Quick start with Python
Instructor: Philippe Marchand
Why learn Python?
- High-level, interpreted language - simple programs can be written and tested quickly.
- Extensions like NumPy and SciPy support high-performance scientific computing.
- Used in a wide range of domains, both in academia and industry.
- Large user community: it’s easy to get help and to find free, open-source packages for specialized problems.
Data types and variables
As most programming languages, Python supports basic data types for integers
(int
), real numbers (float
), character strings (str
) and logical
True/False values (bool
).
The type of a variable is automatically set when a value is assigned to it,
using the =
operator. It can be queried with the built-in type()
function.
i = 3
type(i)
<type 'int'>
Python supports the usual arithmetic operators:
+
, -
, *
, /
, **
(exponent)
and comparison operators:
==
(equal), !=
(non-equal), <
, >
, <=
, >=
.
Both int
and float
values can be mixed within an expression; the result is a float
.
r = i + 1.5
print r, 'is of', type(r)
4.5 is of <type 'float'>
In the code above, we introduced the print
statement, which prints the output
of multiple Python expressions on the same line, separated by spaces.

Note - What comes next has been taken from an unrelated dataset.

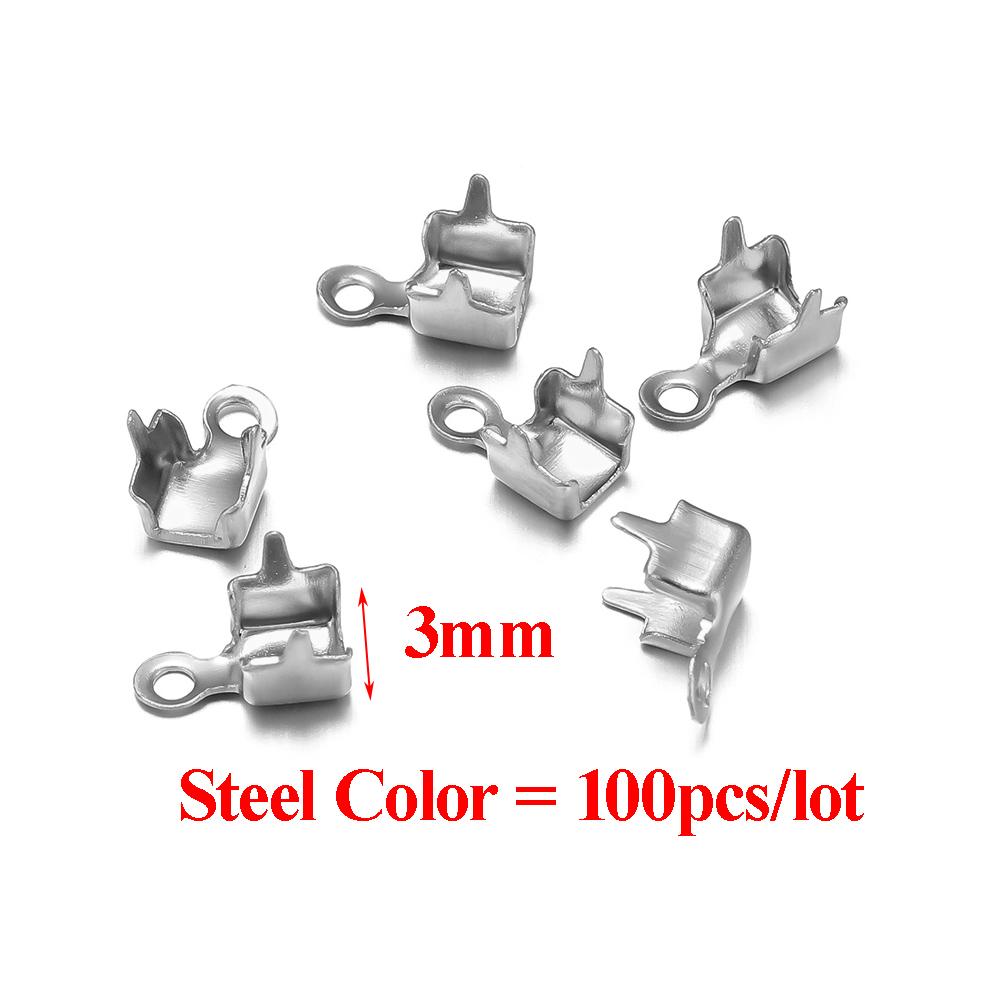 

50/100pcs Stainless Steel Clasps Cords End Clip Tip Fold Crimps Cubic Zircon Chains Connectors for DIY Jewelry Making Supplies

Note that quoted character strings (here, ‘is of’) are printed as is.
Let’s define a new string variable.
s = 'three'
type(s)
<type 'str'>
In Python, the same operator can perform different functions based on the data types of the operands. See what happens if you “add” two character strings.
s + 'four'
'threefour'
Lists
Python offers different types of objects to represent collections of values, the most common being a list. It is created by listing multiple values or variables, separated by commas and enclosed by square brackets.
lst = [r, s, 'another string']
lst
[4.5, 'three', 'another string']
List subsetting
You can retrieve individual elements of a list by their index; note that in Python, the first element has an index of 0.
lst[1]
'three'
Negative indices are also possible: -1 is the last item in the list, -2 the second-to-last item, etc.
lst[-1]
'another string'
The syntax list[i:j]
selects a sub-list starting with the element at index
i
and ending with the element at index j - 1
.
lst[0:2]
[4.5, 'three']
A blank space before or after the “:” indicates the start or end of the list,
respectively. For example, the previous example could have been written
lst[:2]
.
A potentially useful trick to remember the list subsetting rules in Python is to picture the indices as “dividers” between list elements.
0 1 2 3
| 4.5 | 'three' | 'another string' |
-3 -2 -1
Positive indices are written at the top and negative indices at the bottom.
list[i]
returns the element to the right of i
whereas list[i:j]
returns
elements between i
and j
.
Question: Given any Python list, how can you retrieve its last two elements?
Lists can be nested within other lists: in this case, multiple sets of brackets might be necessary to access individual elements.
nested_list = [1, 2, 3, [11, 12, 13]]
nested_list[3][1]
12
List methods
The Python language includes multiple functions that work with lists.
Here are a few examples. Note that code lines starting with #
are comments,
which serve to document the code but are ignored by the Python interpreter.
# Returns the length of a list
len(lst)
3
# Returns the position of an element in a list
lst.index(4.5)
0
# Appends an element to the end of a list
lst.append(100)
lst
[4.5, 'three', 'another string', 100]
# Reverse the order of a list's elements
lst.reverse()
lst
[100, 'another string', 'three', 4.5]
The last three examples feature a special type of functions called methods.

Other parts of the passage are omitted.